The first point to note about Jesus is that he is a returning king. This week’s lectionary readings from Matthew continue a theme of Jesus preparing his followers for his eventual return, even before his death, resurrection and ascension. The Human One, as Jesus constantly referred to himself, still has work to do on earth. So while we live in the Spirit’s presence and guidance, we look forward to the return of our king, Jesus of Nazareth.
But when Jesus comes back, what will he do? Here in the Gospel of Matthew, Jesus tells a series of parables about how he will judge who is welcomed and who is excluded from the kingdom. These passages can be difficult and uncomfortable for some readers, but I think it’s necessary to sit with our discomfort as we think about the Jesus who judges the world. After all, we confess in the Apostles’ Creed that Jesus “will come to judge the living and the dead.” In Matthew 25, Jesus uses two images of judgment.
The first image is of a shepherd separating the different species of a combined flock. This image is borrowed from Ezekiel 34, especially verse 17. In discussing judging between sheep and goats, and even between sheep, God asks through the prophet Ezekiel:
Is it not enough for you to feed on the good pasture, but you must tread down with your feet the rest of your pasture? When you drink of clear water, must you foul the rest with your feet? And must my sheep eat what you have trodden with your feet, and drink what you have fouled with your feet? Therefore, thus says the Lord God to them: I myself will judge between the fat sheep and the lean sheep. Because you pushed with flank and shoulder, and butted at all the weak animals with your horns until you scattered them far and wide (Ezekiel 34:18-21).
Jesus uses this image of the shepherd judging the flock based on how the animals treat each other to make an important point: He will judge people based on how they treat others. Do we share God’s provision, do we forcibly prevent others from sharing what we have, or do we even ruin God’s provision through our uncaring self-focus? Jesus’ words here should help us think clearly about the importance of not only of sharing our personal resources, but also of practicing care for all of God’s creation.
“For I was hungry and you gave me food, I was thirsty and you gave me something to drink, I was a stranger and you welcomed me, I was naked and you gave me clothing, I was sick and you took care of me, I was in prison and you visited me” (Matthew 25: 35-37).

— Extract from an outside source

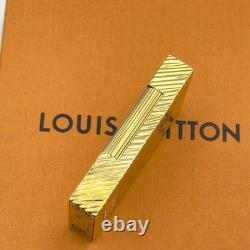 Unused S. T. Dupont Gas Lighter Gold Epi No Box Rare Limited Edition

Then Jesus abruptly shifts from using the image of a shepherd and flocks to that of a king addressing his human subjects. We know this passage, right? Jesus welcomes into the kingdom those who fed the hungry, gave drink to the thirsty, welcomed to the foreigner, clothed the naked and gave the gift of presence to the sick and imprisoned. Then he dismisses those who didn’t do those things. Those who loved their neighbor loved the King, and those who did not love their neighbor, failed to love their King.
It’s helpful to realize that Jesus, in identifying himself with those in need, might have been riffing on a popular story about King Solomon wandering in disguise (YT. Sanhedrin 2:6, Testament of Solomon). The legend goes that Solomon was suddenly, mystically transported a long distance from his throne and stripped of all his finery. While he wandered the earth in poverty, seeking to return to Jerusalem and his throne, he was taken for a beggar and lunatic who raved about being the true king. No one believed him. Some mocked and ridiculed him, but others fed, clothed and treated him with kindness simply because he was a human in need. When Solomon finally returned to his throne, he gathered the people who treated him well and rewarded them, while he punished those who made his difficult journey even more difficult.
No doubt, Jesus identified with a displaced Solomon in the story. The great king stepped away from his glorious throne. He could proclaim who he truly was, but it’s difficult to recognize the lord when dressed as a servant (Philippians 2:7). The moral of the story of the wandering and disguised king is that we should always be loving to our neighbors. The point of the brief sheep and goats image is the same—we must take care of our neighbors. Friends, Jesus will return someday as the great king to judge us. And his criteria are clear: Did we love our neighbors?